Researchers found a significant decrease in milk production when dairy cows were exposed to smoke.

Last fall, when wildfires raged across parts of Oregon, more than two dozen dairy farms had to figure out how to milk and feed their cattle despite the dangerous conditions and poor air quality. One farmer in the Willamette Valley said that the heavy smoke meant that his cows had to be put in trailers, which both stressed them out and upended their daily routines.

Wildfires have unfortunately become a more regular occurrence in the western United States, and researchers are working to determine what other effects that smoke inhalation can have on dairy cattle, including what impact it can have on their milk production. Ashly Anderson, a graduate student at the University of Idaho College of Agricultural and Life Sciences, along with assistant professors Pedram Rezamand and Amy Skibiel took blood samples from 28 purebred Holstein cows and their calves last summer, to study whether certain immune markers changed before, during, or after the cows were exposed to a week of heavy smoke from the Snake River Complex fires.

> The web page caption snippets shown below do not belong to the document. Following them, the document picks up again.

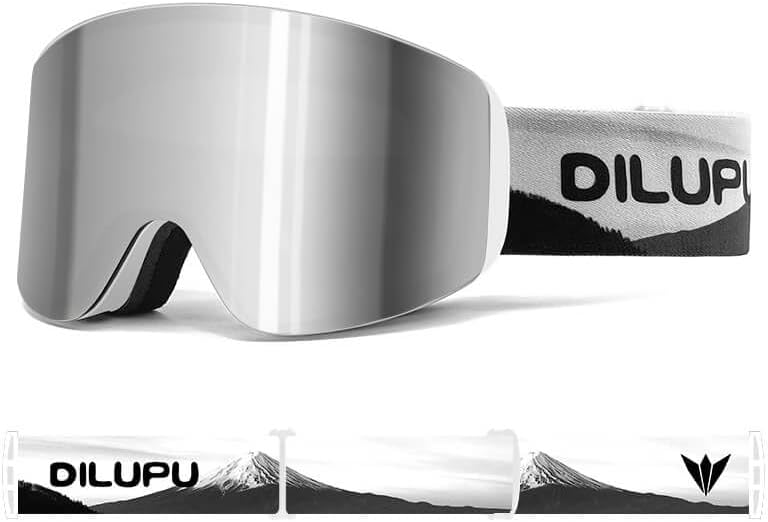 Frameless Anti-Fog Ski Goggles, UV400 Protection, Magnetic Lens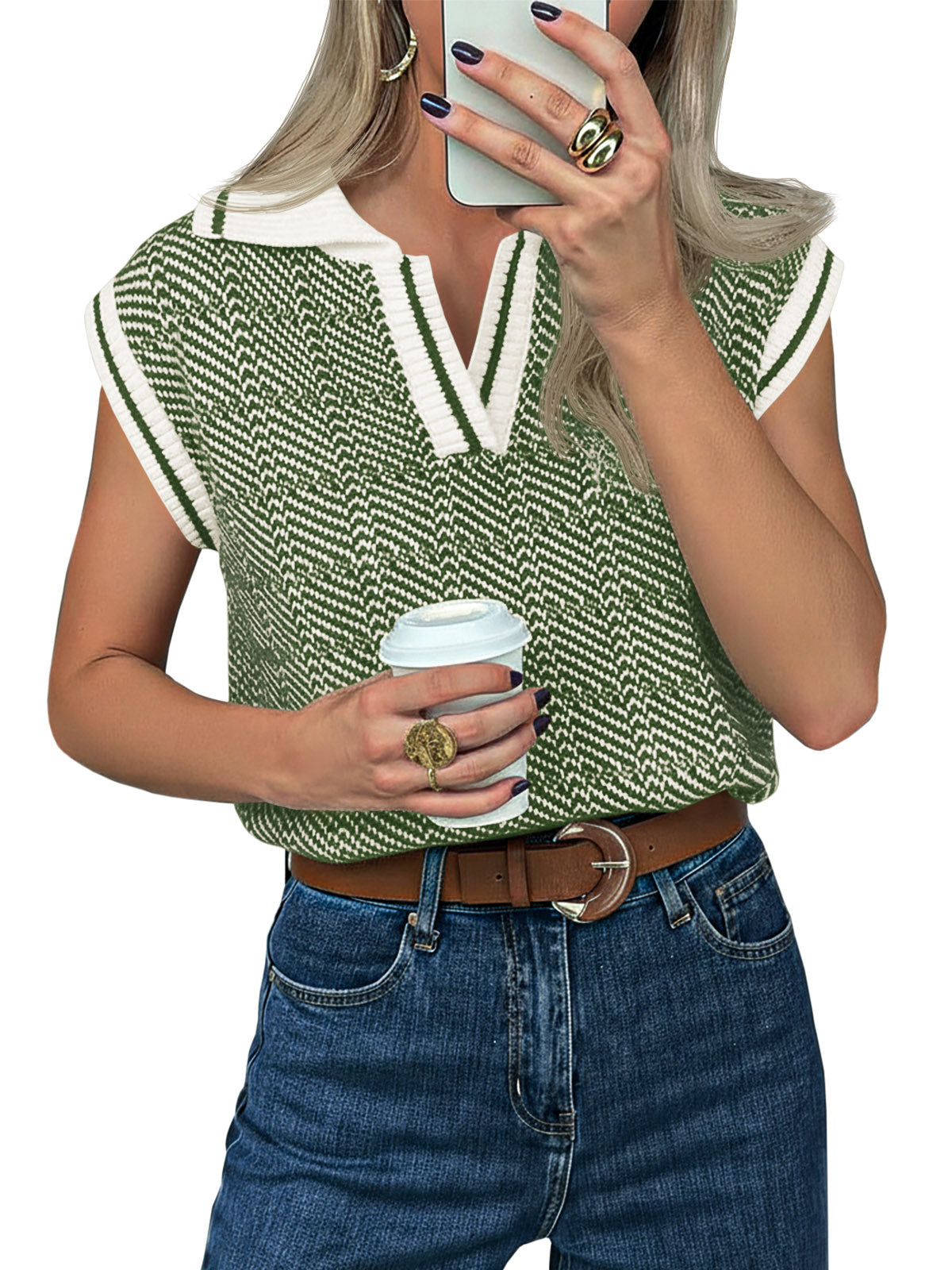 Saodimallsu Womens Color Block V Neck Vest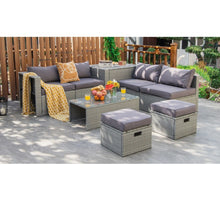 Load image into Gallery viewer, Elegant 8 Piece Patio Furniture Rattan Set With Storage Waterproof Cover & Cushions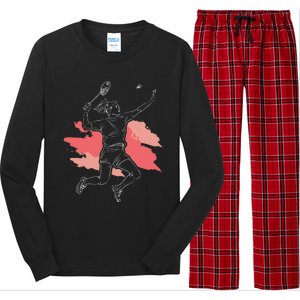 Badminton Girl Smash Shuttlecock Athlete Sports Long Sleeve Pajama Set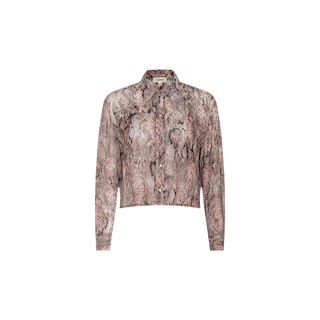 The Cosette Shirt is a lightweight, long-sleeve button-down featuring a brown and pink snake print, a pointed collar, and a cropped high-low hem, shown against a plain white background.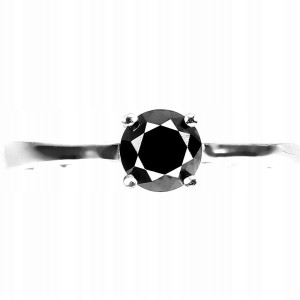 Pierścionek natural czarny diament 0.67ct AAA r 12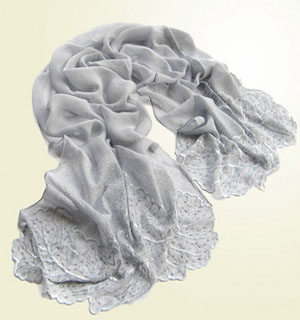 Handmade pearl silk scarves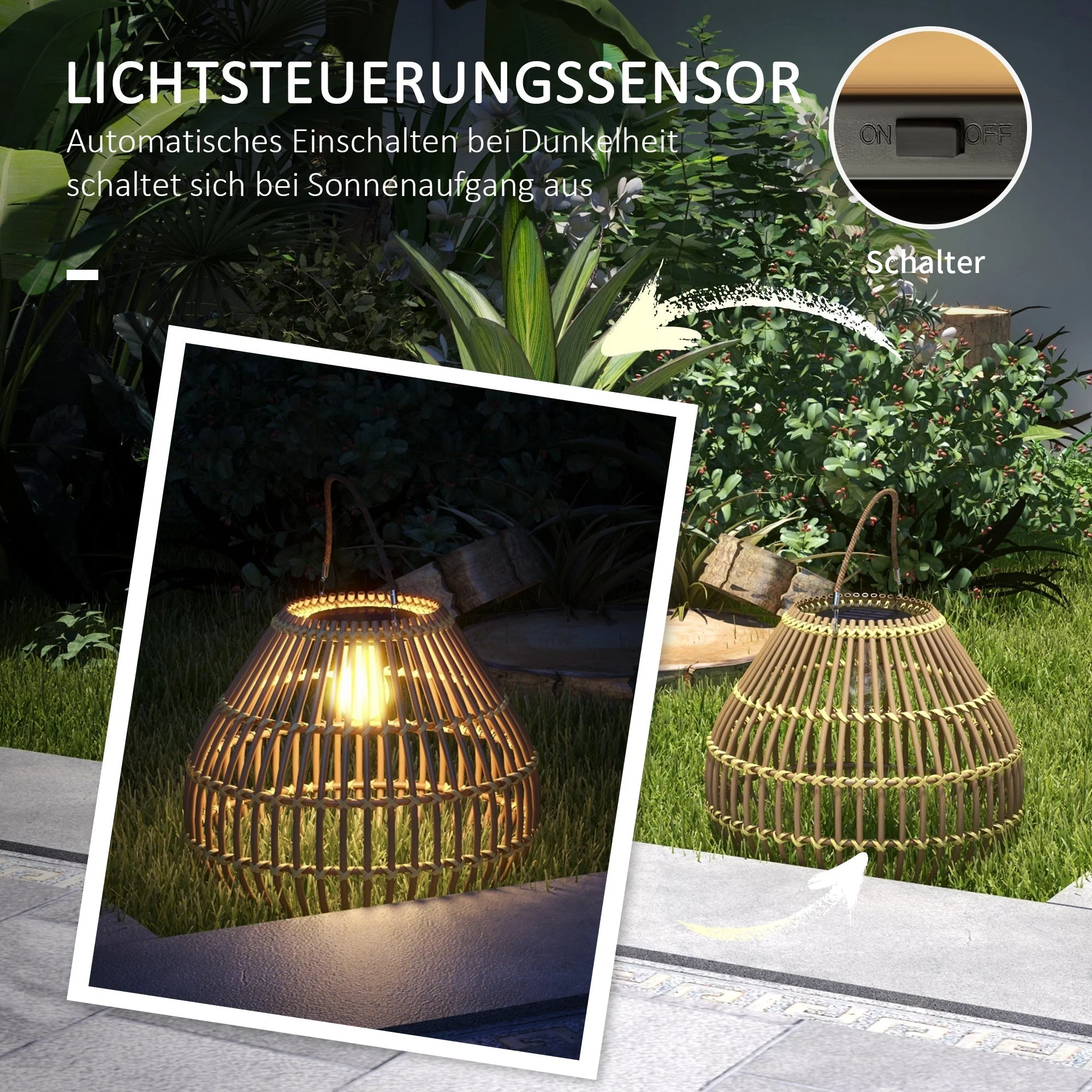 Solar Lamp Garden Light Waterproof with Light Sensor Rattan Yellow - Image 6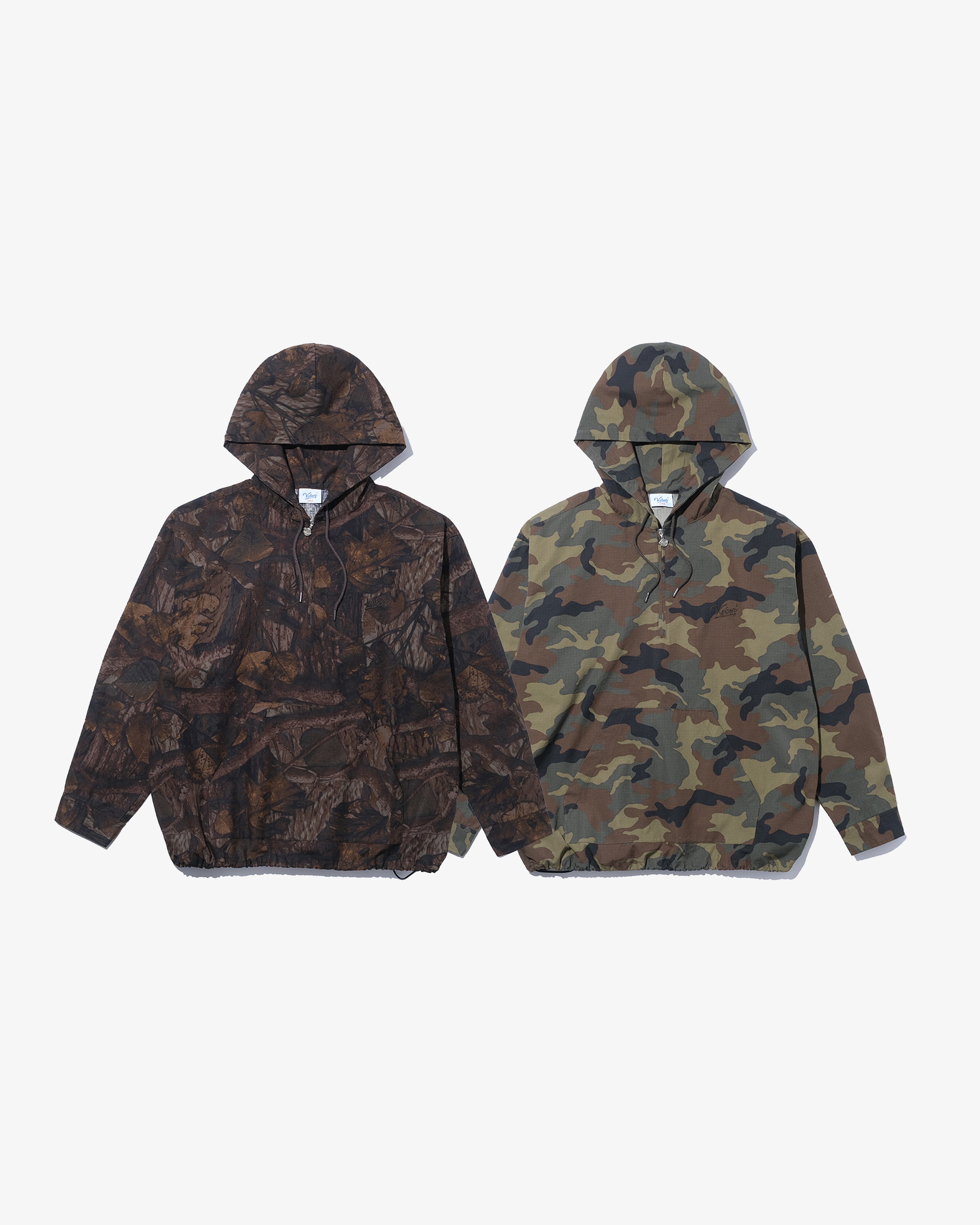 COTTON RIPSTOP HALF ZIP HOODED SHIRT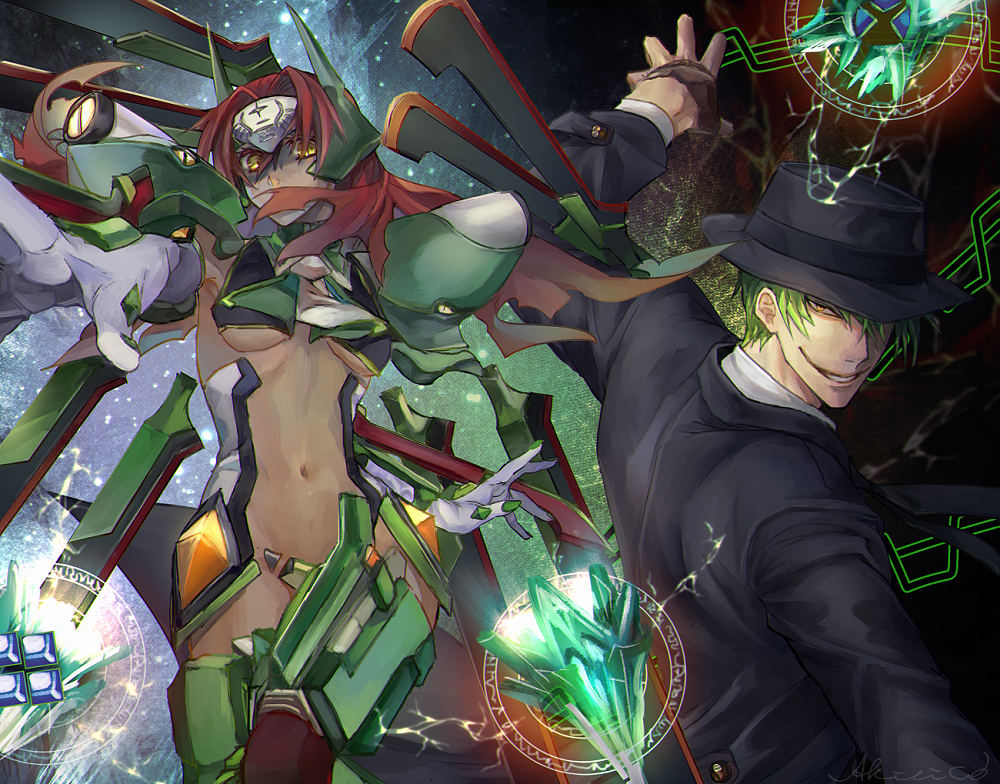 1boy 1girl akilico alternate_color blazblue fedora forehead_protector gloves green_hair hat hazama long_hair mecha_musume mu-12 navel red_hair thighhighs yellow_eyes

Cows lined up look away from a wildfire
Weed, California USA - June 29, 2021: The Lava Fire burns on the northwest side of Mount Shasta in Siskiyou County, California. Cows lined up look away from the wildfire. Trevor Bexon / Shutterstock

"Due to climate change and global conditions, we're going to be seeing a lot more wildfires and because of that there are going to be a lot more people and animals exposed to wildfires," Anderson said. "Being able to tell what kind of effects there are and how we might be affected in the future is very important."

According to High Country News, the University of Idaho researchers also analyzed five years of data from two dairy farms in Idaho and Washington state, along with the weather patterns and air quality from that same time span. In addition to the blood samples, measurements, and metabolic data, they also took note of the Holsteins' milk production for a three-month period last year, including during a "major weeklong smoke event."

Their data seem to show a "significant" decrease in milk production; the cows studied produced three pounds of milk — around one-third of a gallon — less every day. (High Country News reports that the average dairy cow in the United States produces 65 pounds of milk per day.) In addition to giving less milk, the cattle studied were more prone to udder infections and showed signs of inflammation. "This raises more questions," Skibiel told the outlet. "The connection between inhaling wildfire smoke and irritated udders is intriguing. It's certainly worth following up on."

Interestingly, an Oregon dairy farm whose Guernsey cows were not included in the study, said that she saw an increase in the number of calves that developed pneumonia in the weeks that followed the wildfires, and those cases "seemed to set in harder and faster than usual." And another Idaho rancher told the Idaho Capital Sun that the fires affected his pastures because wild game are coming onto his land to find food — and that, in turn, affects his cattle. Due to the decrease in "high-quality grass," he said his herd may have lower pregnancy rates this fall, and lower birth rates next spring.

"People are starting to pay attention and starting to realize wildfire issues are going to increase for the foreseeable future," Skibiel said. "I'm really hoping within the next year we have a better sense of the big picture."